======== Exercise materials

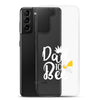 Dad To Bee Clear Case for Samsung®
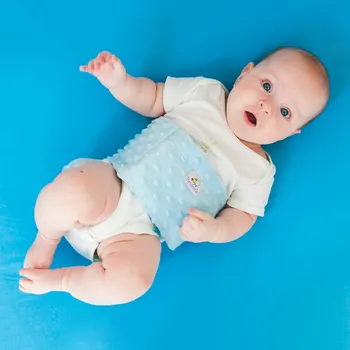 Lék proti nadýmání Opasek proti kolikám Pecorella Baby Nursey - modrý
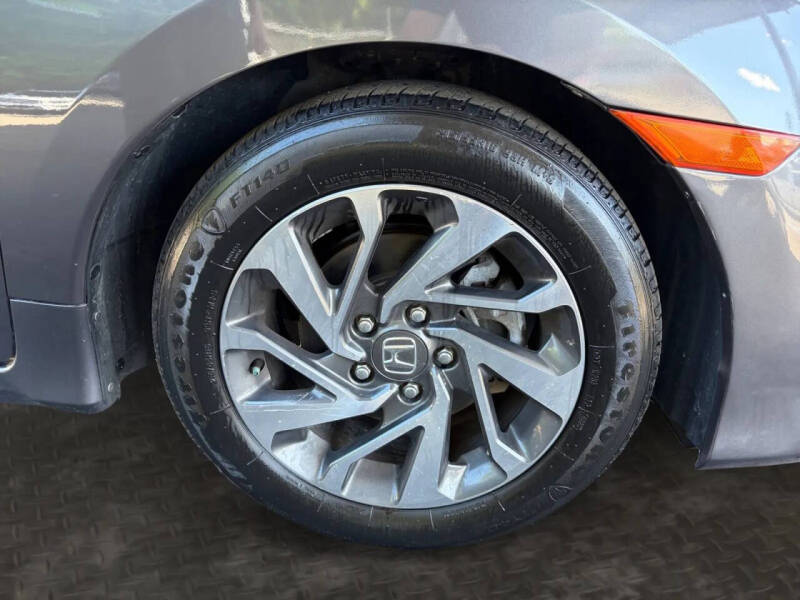 2017 Honda Civic EX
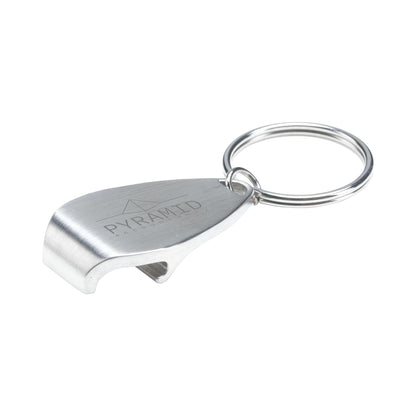 Bottle opener keyring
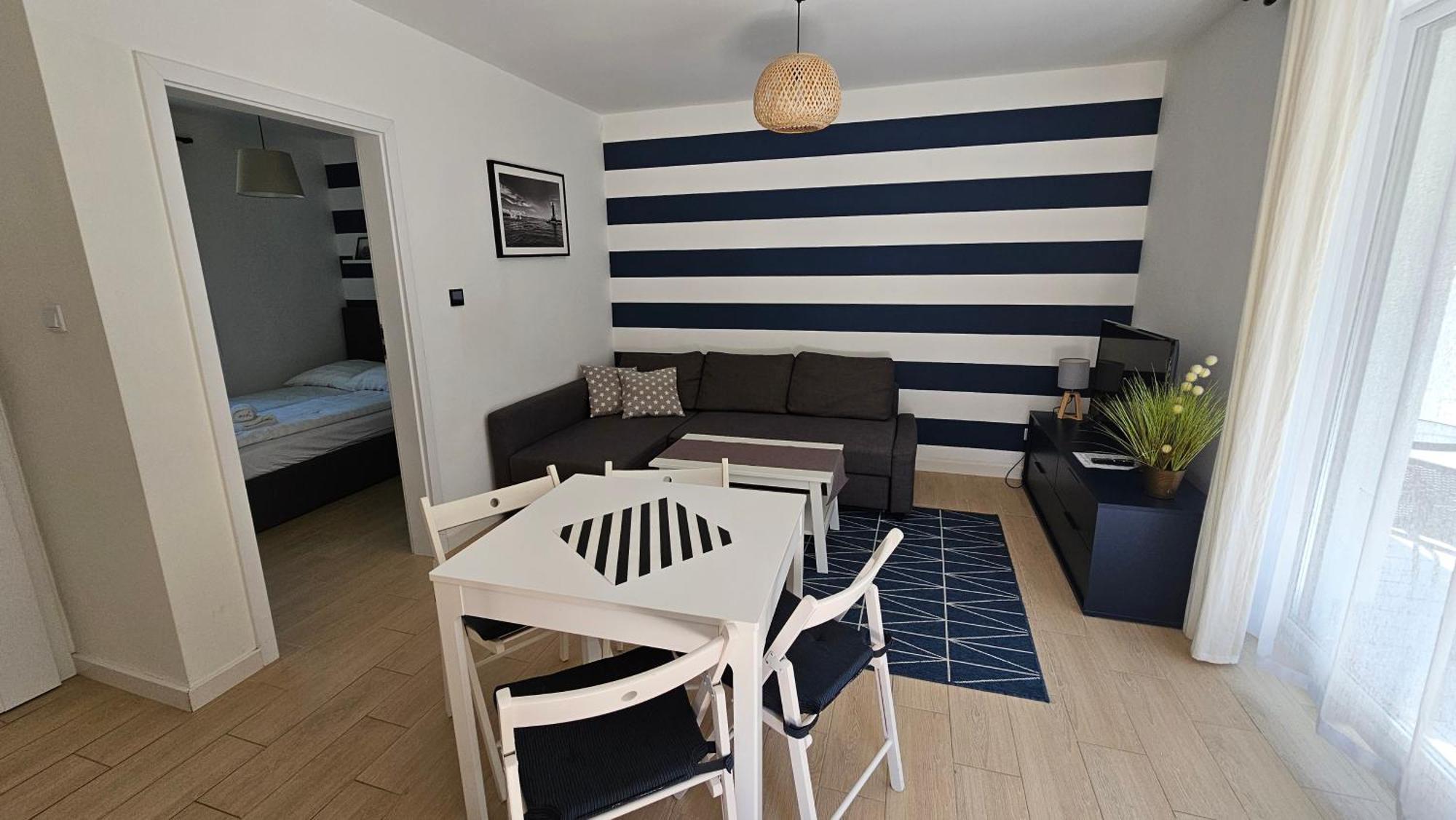 Apartamenty Na Fali - Morski , Blekity , Marynarski Pobierowo Esterno foto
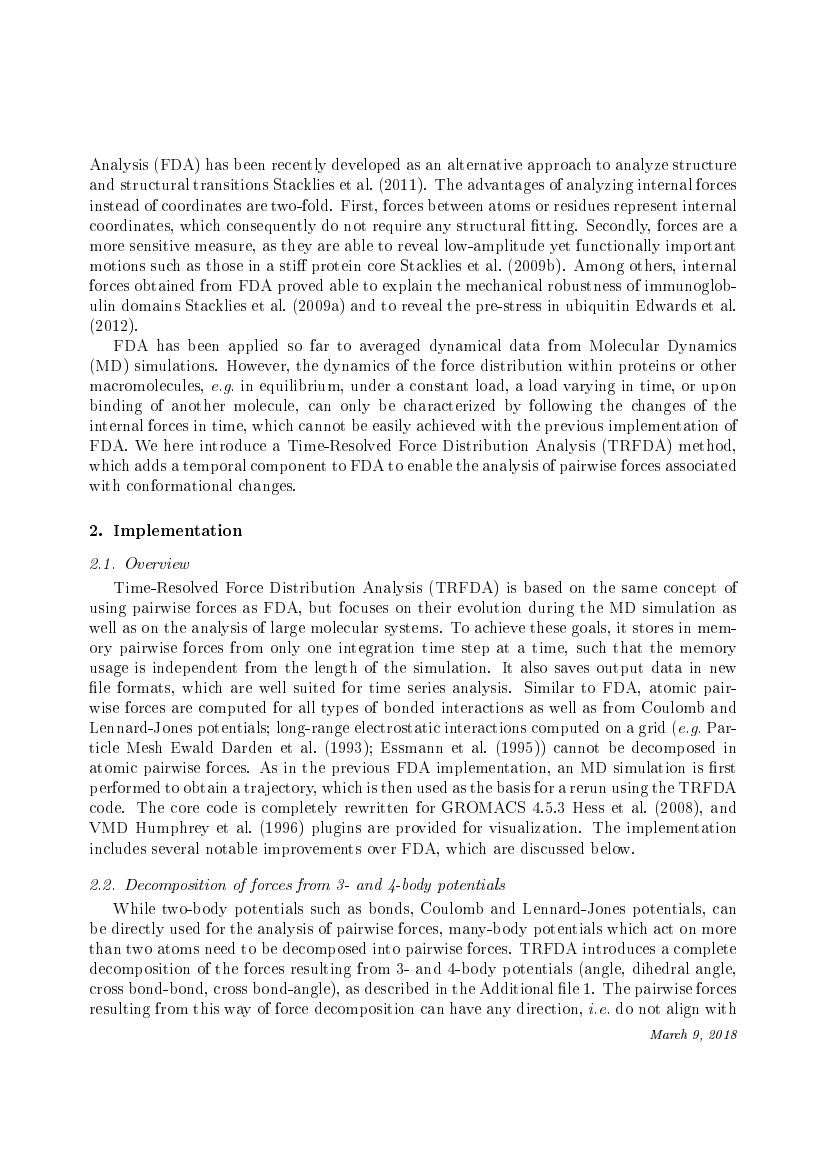 Example of Journal of Membrane Science format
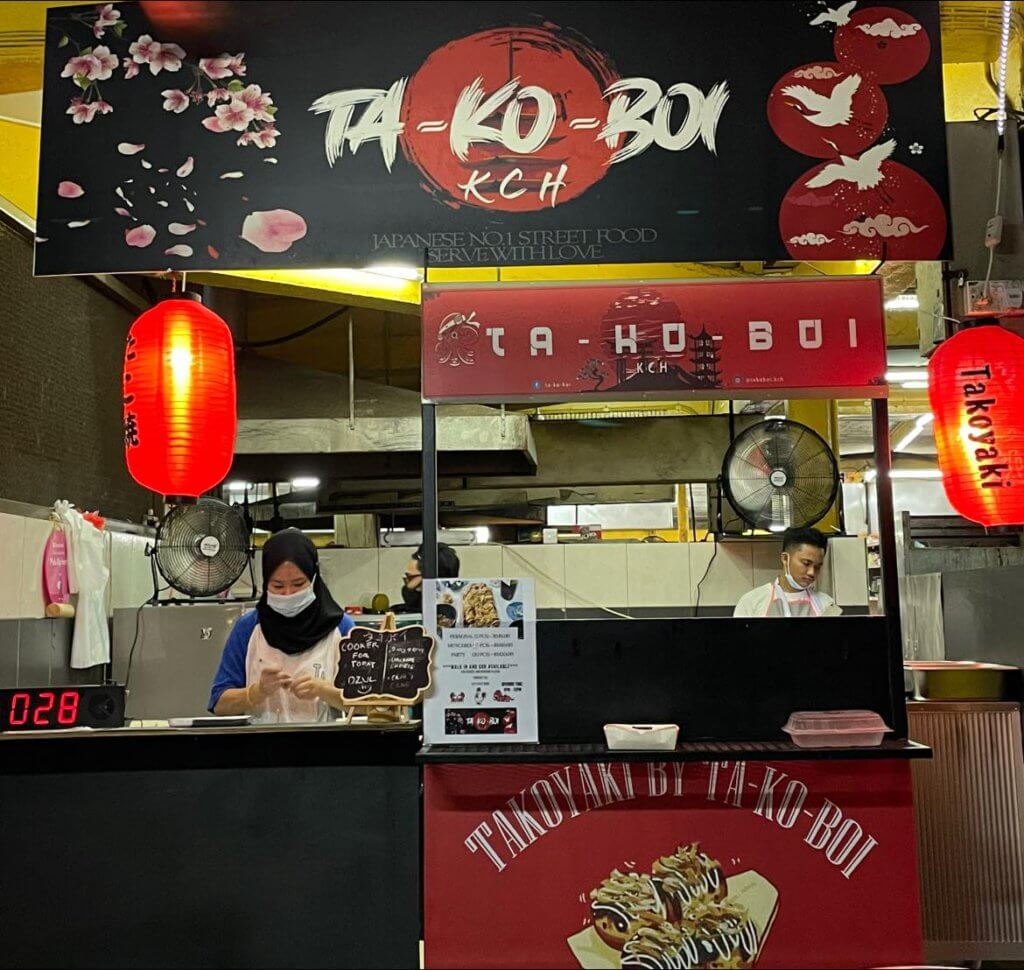 Ini 4 Port Menyajikan Takoyaki Terbaik Di Kuching Yang Anda Perlu Cuba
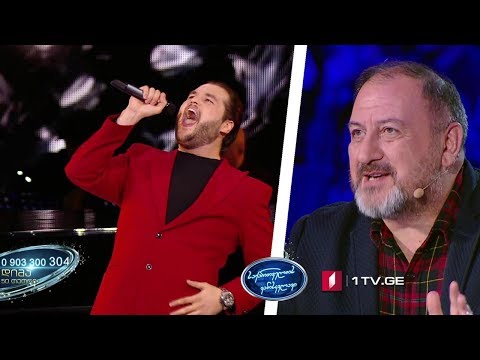 დიმა კობეშავიძე - მანგო - მეორე ტური - საქართველოს ვარსკვლავი 2019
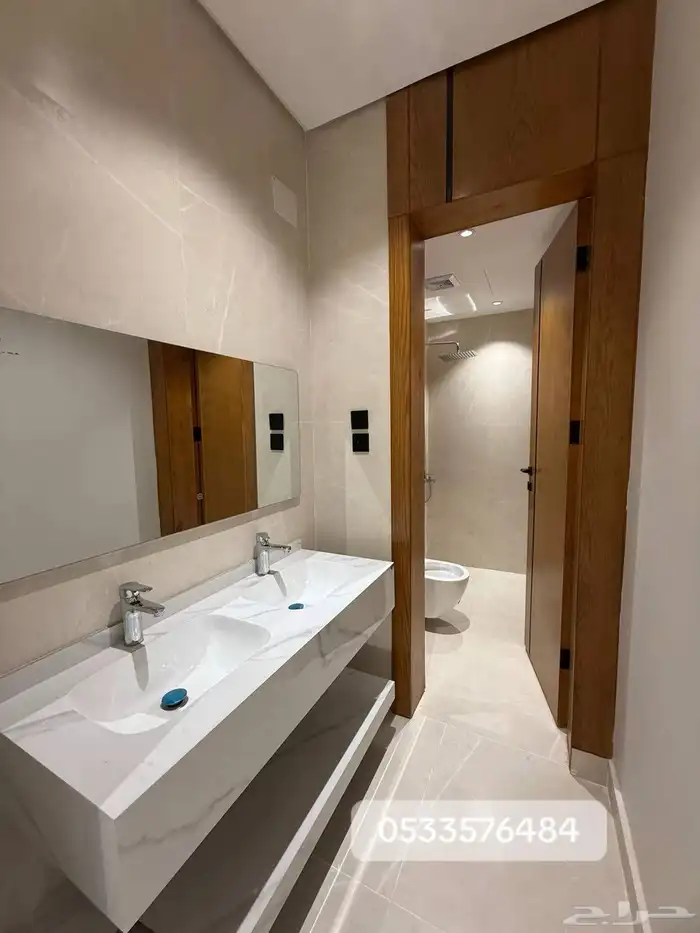 شقه تمليك ارضيه بمدخل سياره 4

================

Print the material in full and exactly, minus the pictures.

> [Task output]
 Dad To Bee Clear Case for Samsung®
 Lék proti nadýmání Opasek proti kolikám Pecorella Baby Nursey - modrý
 2017 Honda Civic EX
 Bottle opener keyring
 Apartamenty Na Fali - Morski , Blekity , Marynarski Pobierowo Esterno foto
 Example of Journal of Membrane Science format
 Ini 4 Port Menyajikan Takoyaki Terbaik Di Kuching Yang Anda Perlu Cuba
 დიმა კობეშავიძე - მანგო - მეორე ტური - საქართველოს ვარსკვლავი 2019
 شقه تمليك ارضيه بمدخل سياره 4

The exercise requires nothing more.